Thursday, September 8, 2016

The Trouble with Tribbles

“Too much of anything, Lieutenant, even love, isn't necessarily a good thing.”

Both the Federation and the Klingon Empire lay claim to a disputed system, Sherman’s Planet. A previously-established peace treaty exists between the two, enforced by the godlike Organians introduced in Errand of Mercy. Within the diegetic terms of this agreement can be found the thematic premise of this particular story: one side or the other must prove it can develop the planet most efficiently.

“Though the Klingons are brutal and aggressive, they are most efficient.” 

As Kirk so plainly observes, the Klingon’s represent an imposed, militant efficiency. In a fundamentally opposed counter-example, the iconic Tribble creatures encountered in the course of their investigation represent a purely biological, reproductive efficiency. In classic Star Trek form -- the macro reflected in the micro character triumvirate of Kirk, Spock, and McCoy -- our heroes must come to represent a balanced reconciliation of two extremes. In this case, those extremes are expressed through unchecked efficiency. From the mouth of the nefarious Captain Koloth himself, in direct contrast to the reproductive prowess of the Tribbles:

“We Klingons are not as luxury-minded as you Earthers. We do not equip our ships with, how shall I say it, non-essentials.” 
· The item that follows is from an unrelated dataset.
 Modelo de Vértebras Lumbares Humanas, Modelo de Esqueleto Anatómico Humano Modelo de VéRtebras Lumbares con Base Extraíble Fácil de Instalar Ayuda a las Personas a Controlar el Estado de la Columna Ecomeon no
Punctuating his misogynistic implication with an unmistakable hour-glass gesture, Koloth’s point is clear: Klingon’s do not allow for the “luxury” of female officers as a reproductive distraction. This distinction broadens the thematic structure to allow for an interpretive exploration beyond the instigating “efficiency,” into the fertile mythological territory of base humanity versus imposed ideology.

As always, the Enterprise crew must function as a balancing force to reconcile these two pairs of opposites. Alone, each is doomed to perpetual conflict. With the intervention of our heroes, through the intersecting movements of plot and character, what thematic statement can ultimately be derived from the payoff to this setup?
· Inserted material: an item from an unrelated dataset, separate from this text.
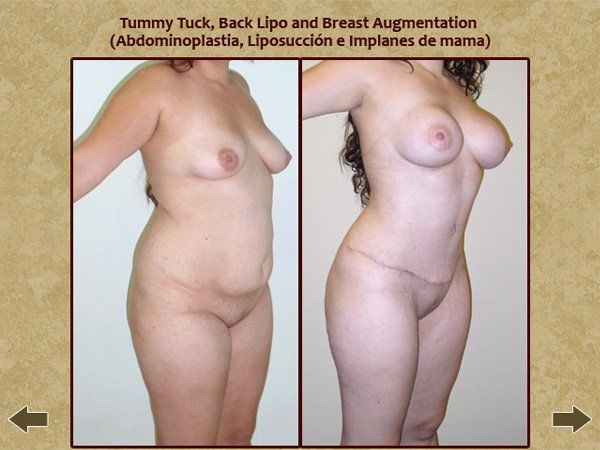 Before and after body enhancement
"I see no practical use for them."

The answer lies in the form another question: what was it that lead to the Klingon infiltration of Starfleet’s efforts? What values were capitalized on by the enemy to assimilate into our heroes’ ranks? The eagerness to develop Sherman’s Planet, just as in the galactic prospector Cyrano Jones’ exploitation of the Tribble’s from their natural environment, casts the amusingly titled Federation Undersecretary for Agricultural Development, Nilz Baris, as an inept representative colonial bureaucracy.

It is only in through the humanist makeup of the Enterprise’s crew that these paradigms can be broken, and the truth revealed. How, exactly? Well, were it not for the loving curiosity of the decidedly female Lieutenant Uhura, the Tribbles would not have propagated to the attention of Captain Kirk, who leverages his newfound knowledge of the creatures alongside his formidable powers of observation to expose the underlying threat which faces them.

Against the Klingon’s militant efficiency and the Tribbles’ reproductive efficiency, our heroes emerge as a “luxurious” and diverse balance of integrated humanity and ideological efficiency.

The self-proclaimed conceit of the episode’s author David Gerrold is the classic “unexpected threat” personified by the Tribbles themselves, and appropriately used as a tool to expose the true antagonistic force: a Klingon double-agent. This turn of dramatic irony is satisfactorily rendered, if not thematically less ripe than the aforementioned subtext. This subtext can likely be attributed to the guiding hand of producer Gene Coon, who was responsible for the teleplay’s final revision.

Dramatically structured as a relatively light whodunnit, and popularly considered to be an example of Star Trek’s lighter fare, it is particularly impressive that this episode can sustain such nuanced exploration. It is a testament to the potential of this landmark series, which happens celebrate its 50th anniversary today.

May the next fifty continue to be just as ... untroubled.